5. Grateful people have a higher level of reverence for life and every living thing.
6. Grateful people have better health and a sense of grace.
One way to make sure you keep gratitude in the forefront of your everyday awareness is to start a gratitude journal, or a gratitude mantra each day. On your way in to work instead of cursing the traffic, think about the fact that you are still here to curse it, that you have just taken a breath of life into your body. Be thankful that you have a multitude of choices, probabilities and possibilities throughout your day and you have the free will to make any of them as you go about creating your own reality. Think about the fact that you have the opportunity to tell those you love how much they mean to you while you are still here.
Think about the fact that you still have time; time to set things straight, make things right and express appreciation for all that this life has affords you. The sunsets. The dawn. The crimson and pale pink of a rose. The scent of aspen and fir on the mantel. Your friend’s laughter ringing through the air. The lights twinkling on the tree. The touch of your beloved. The crisp morning air. The sound of fine music. The taste of great food. The feel of silk slipping. The unconditional love of your child or your pet. The moments of true connection. The joy of new truths. The ecstasy in new awareness. Old photographs. New friends. Making history. The last bow. Pumpkin pie. The warmth of a fire. Old flannel shirts. New flannel shirts. Every breath. Every breath. Every breath. We have so much for which to be grateful.

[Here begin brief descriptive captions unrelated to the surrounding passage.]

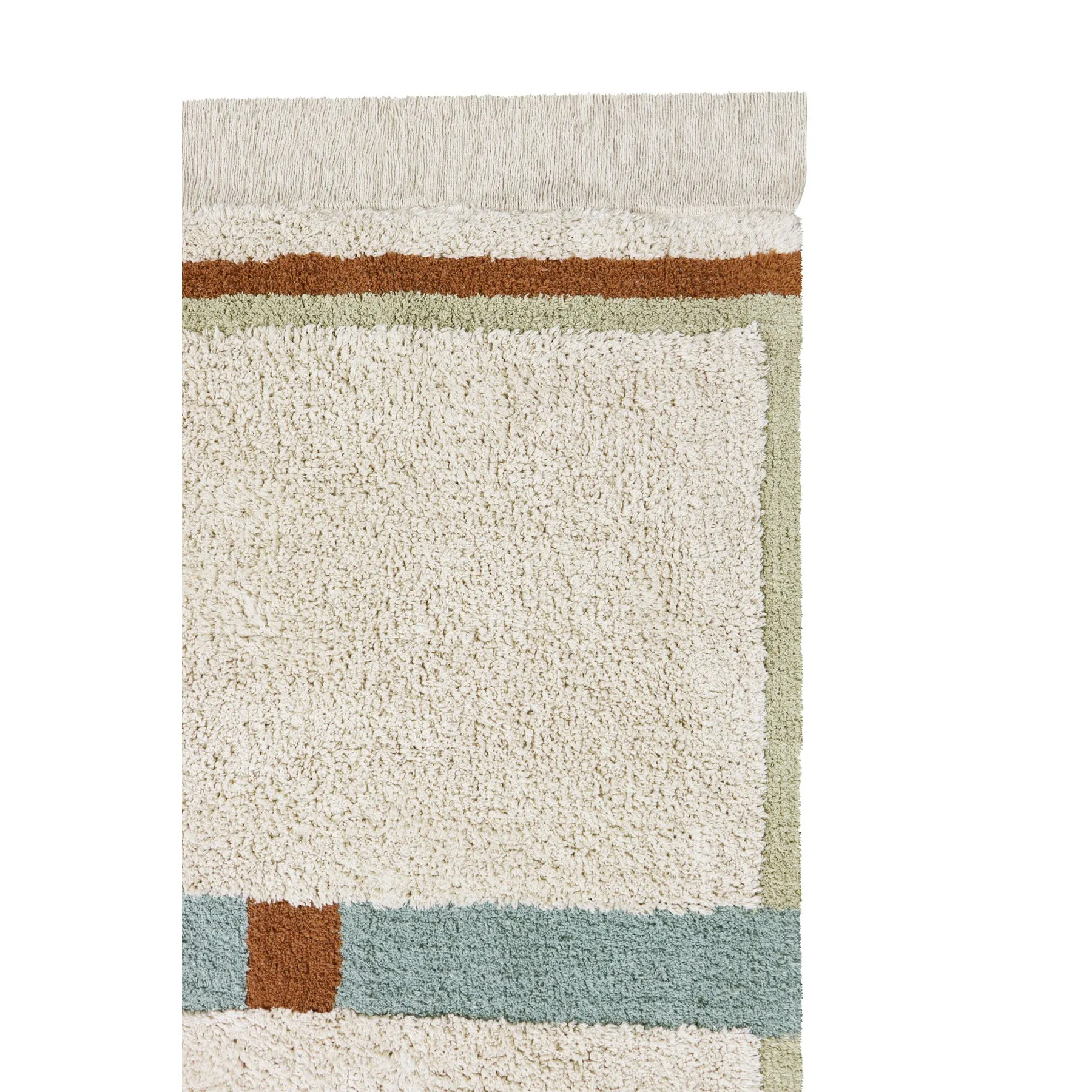 Lorena Canals Maxi Rugs Lane Natural - Vintage Blue Machine Washable Cotton Rug - 200x300cm (Pre-Order; Est. Delivery in 4-8 Weeks)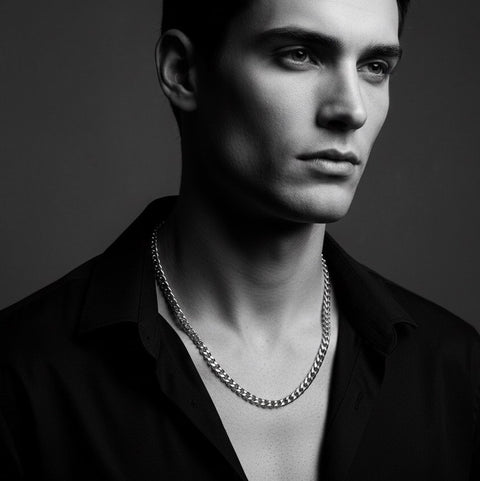 Black and white portrait of a person wearing a B.Tiff C014W silver 4mm curb link chain necklace made from surgical stainless steel.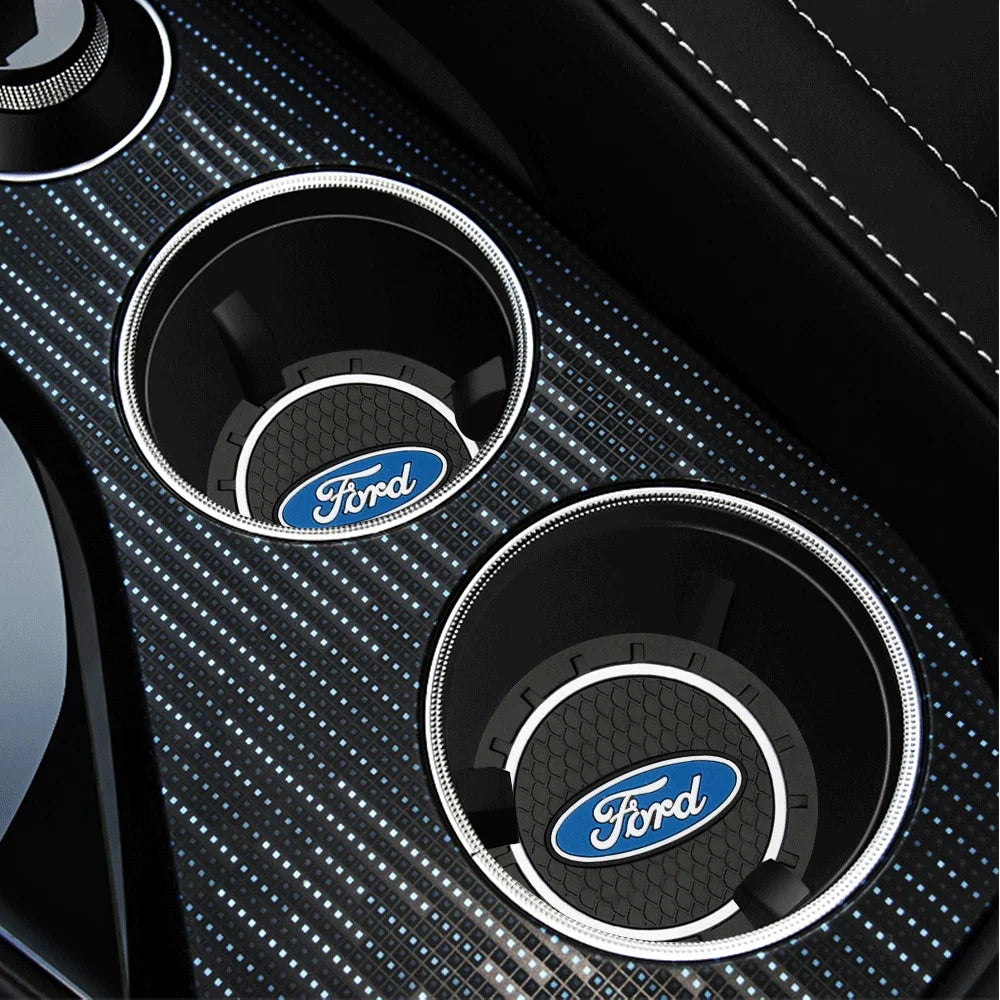 Ford Silicone Anti-Slip Car Coaster / Cup Mat for Focus MK2 / MK3 / MK4 / MK5, Fiesta MK7, Mondeo MK4 & Fusion (1-2 Piece Set)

One of things for which we are most grateful, is you. You give us a reason for being, for writing for telling our stories and truths. You give us a reason for reaching out and touching, beyond the distance into your homes and hopefully, your hearts. . You help us create a sense of community and caring. So, this Holiday, no doubt, one of the things the Arizona Together Family will be most grateful for is you. We hope your holiday season is filled with wonder and magnificent moments of gratitude.